- _Records for processing_:
╭──

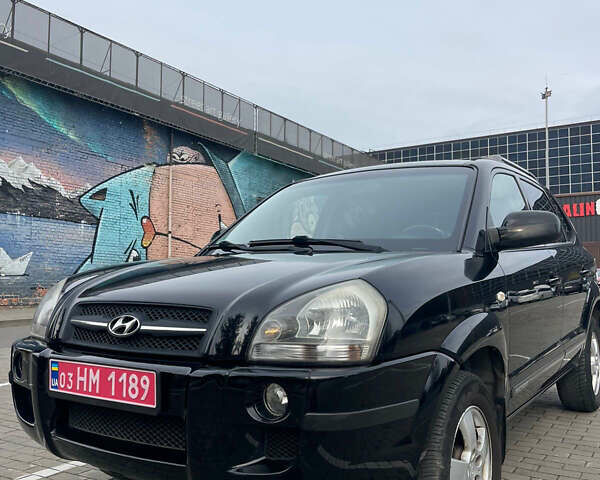 Черный Хендай Туксон, объемом двигателя 1.98 л и пробегом 170 тыс. км за 7750 $, фото 1 на Automoto.ua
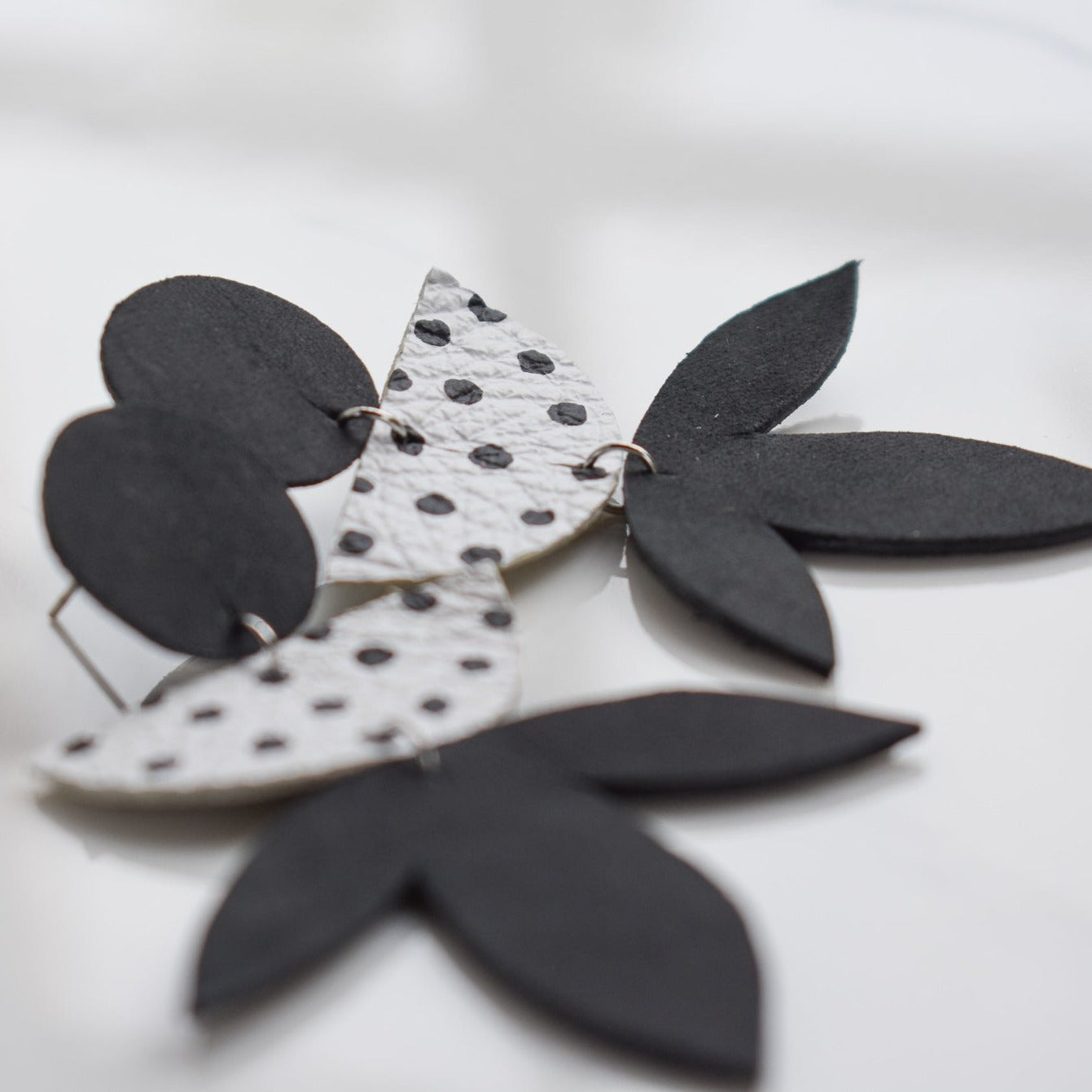Handmade, light weight and comfortable to wear all day long leather earrings. All our earring hooks are made with a high quality stainless steel and they are hypo allergenic. They will not tarnish or irritate your sensitive skin.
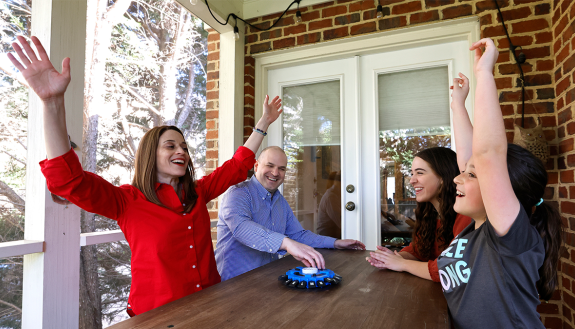 Talia Aron, left, with her family playing a game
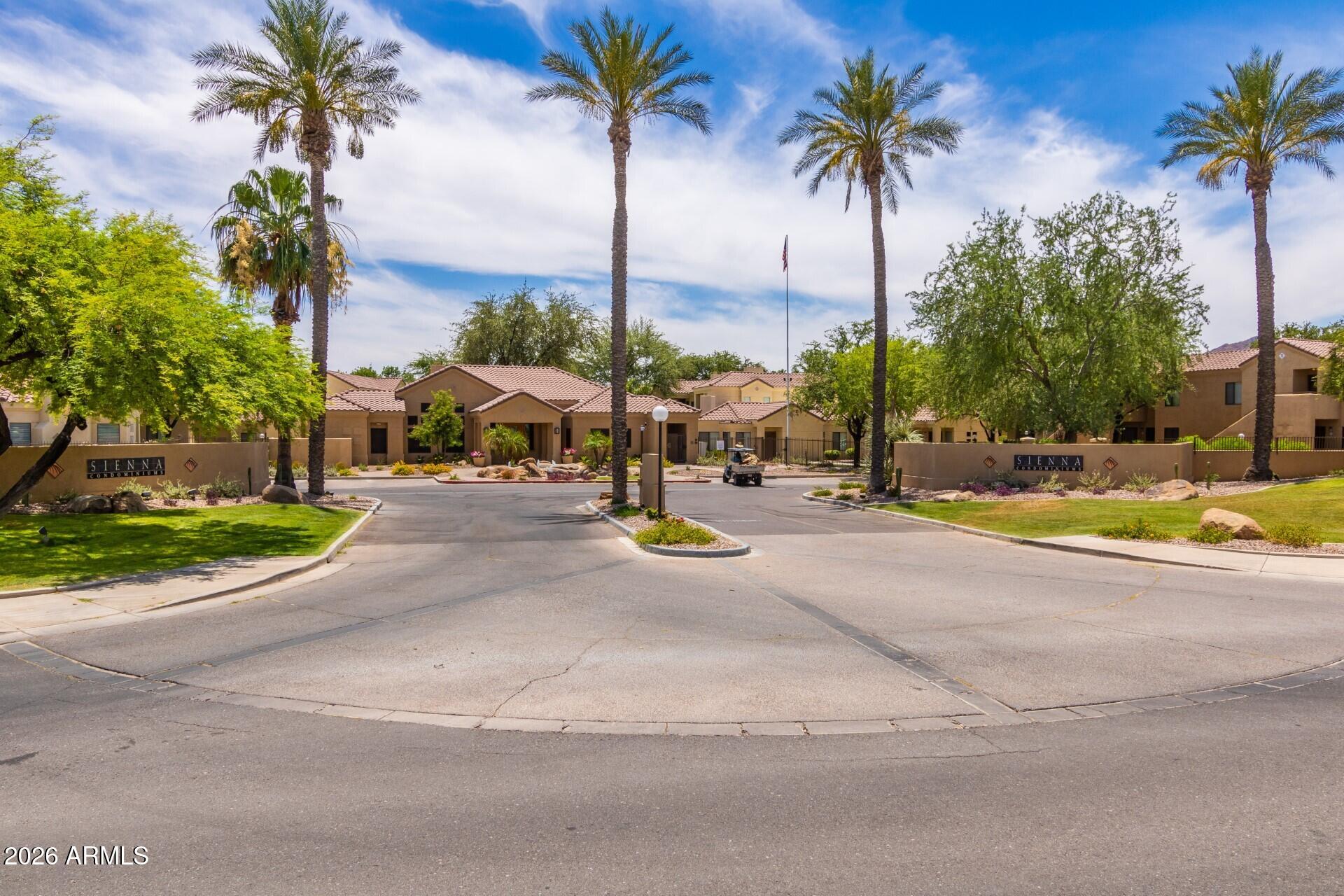 7575 East Indian Bend Road, Unit 2036 Scottsdale, AZ 85250 - Photo 29 of 29 a view of road with palm trees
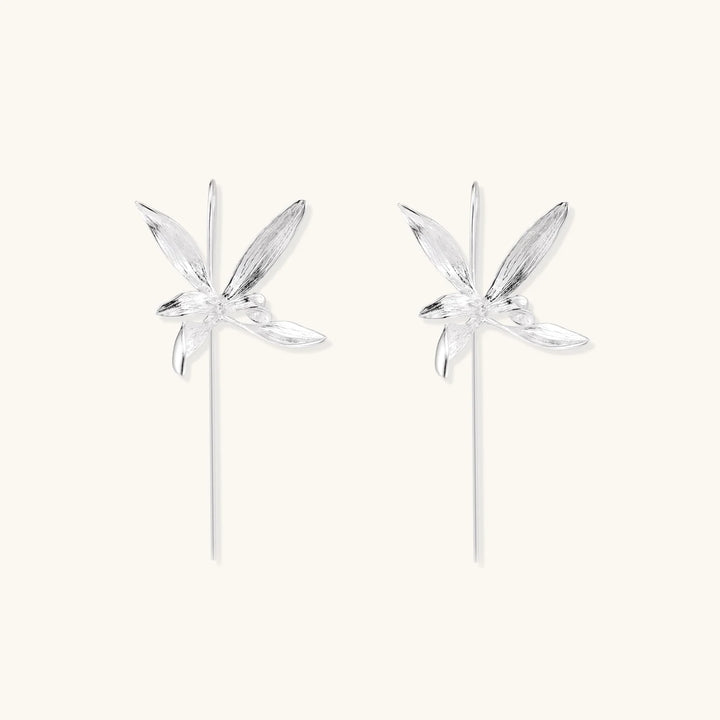 Delicate sterling silver dragonfly earrings with textured wings and curved threader hooks on white background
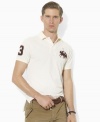 A trim-fitting polo shirt is crafted from breathable cotton mesh with Ralph Lauren's Big Pony at the chest for an iconic finish.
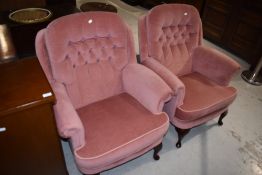 A pair of traditional button back armchairs upholstered in pink dralon in cabriole legs, very
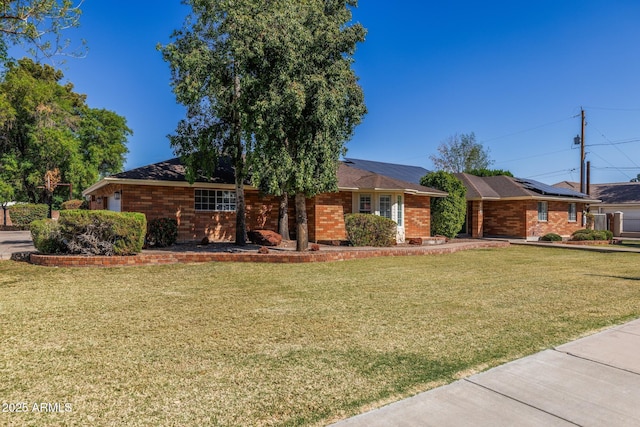 ranch-style home featuring a garage, a front yard, roof mounted solar panels, and brick siding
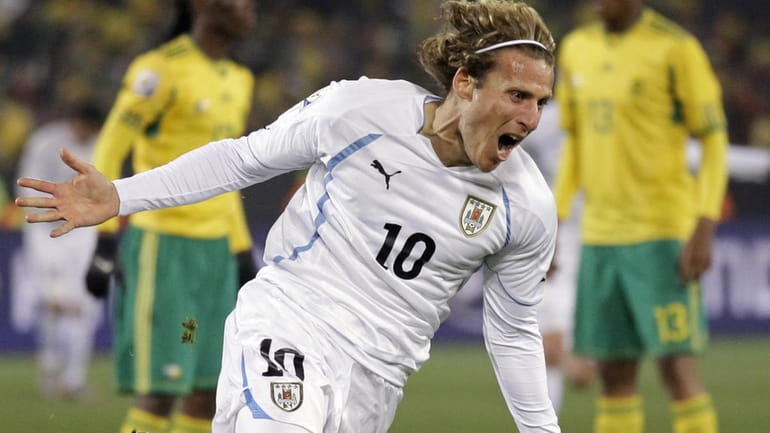Uruguay's Diego Forlan celebrates after scoring against South Africa during...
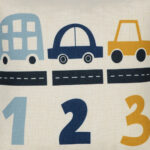Close up photo of little boys cushion with blue and yellow cars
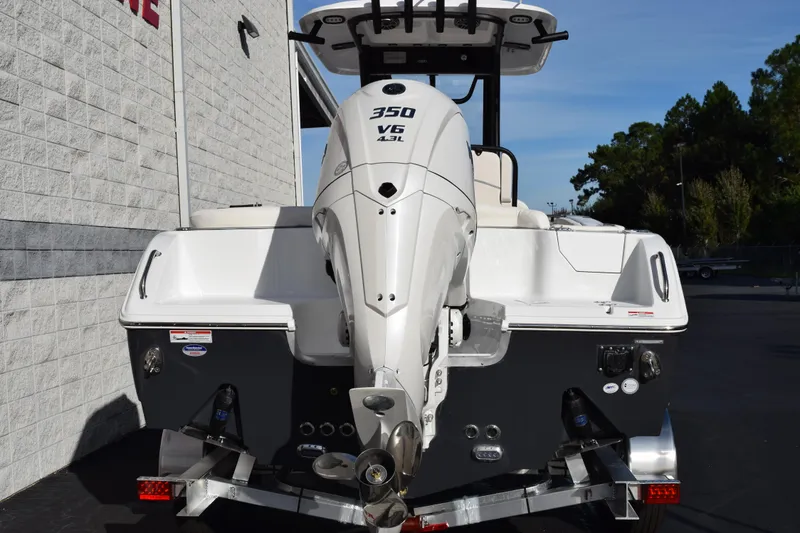 Slide: The Image of 2026 Sea Hunt Ultra 255 SE boat with powerful 350 V6 engine, rear view. - 5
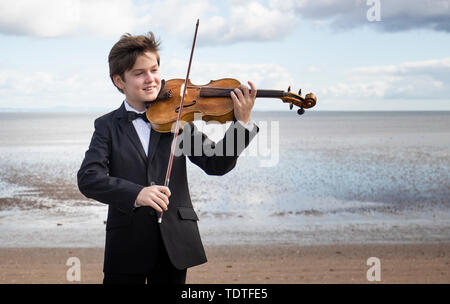 Viktor Seifert, 12, from St Mary's Music School in Edinburgh, plays the Orca Driftwood Viola by the sea at Musselburgh, East Lothian, ahead of his performance at the Royal Academy of Music in London on July 18th 2019, in the 'Dance For The Sea' event which supports the work of the Marine Conservation Society. Stock Photo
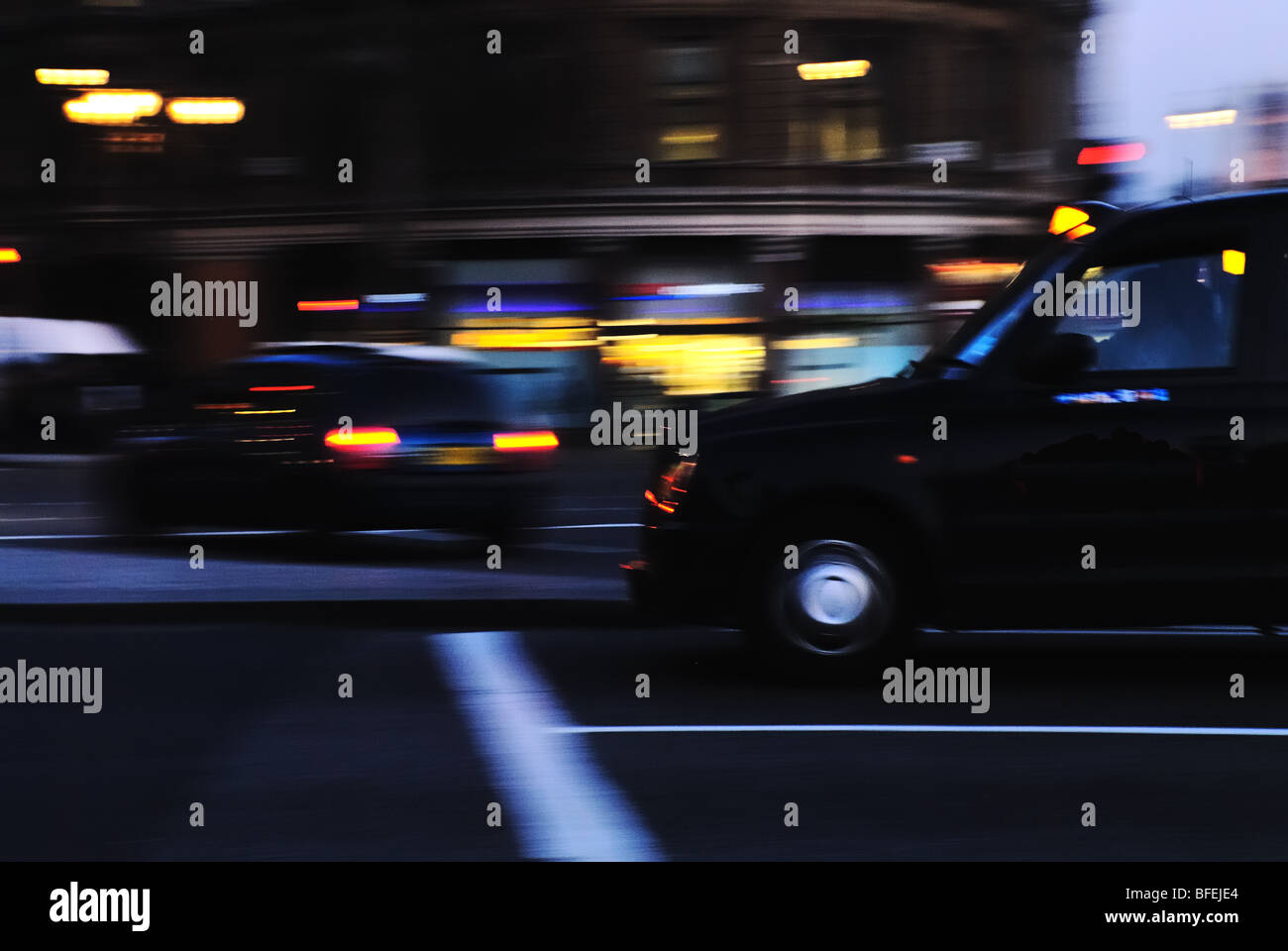 Un taxi de Londres negro capturado en movimiento al anochecer. Trafalgar Square, Londres, Reino Unido. Foto de stock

╰──

- _Problem to solve_: In the entries above, find the line that contains "Handmade, light weight" and the line that contains "Slide: The Image". Reproduce exactly those two lines and every line between them, but not the pictures.

- _Answer area_:
Handmade, light weight and comfortable to wear all day long leather earrings. All our earring hooks are made with a high quality stainless steel and they are hypo allergenic. They will not tarnish or irritate your sensitive skin.
 Talia Aron, left, with her family playing a game
 7575 East Indian Bend Road, Unit 2036 Scottsdale, AZ 85250 - Photo 29 of 29 a view of road with palm trees
 Delicate sterling silver dragonfly earrings with textured wings and curved threader hooks on white background
 A trim-fitting polo shirt is crafted from breathable cotton mesh with Ralph Lauren's Big Pony at the chest for an iconic finish.
 A pair of traditional button back armchairs upholstered in pink dralon in cabriole legs, very
 ranch-style home featuring a garage, a front yard, roof mounted solar panels, and brick siding
Uruguay's Diego Forlan celebrates after scoring against South Africa during...
Close up photo of little boys cushion with blue and yellow cars
 Slide: The Image of 2026 Sea Hunt Ultra 255 SE boat with powerful 350 V6 engine, rear view. - 5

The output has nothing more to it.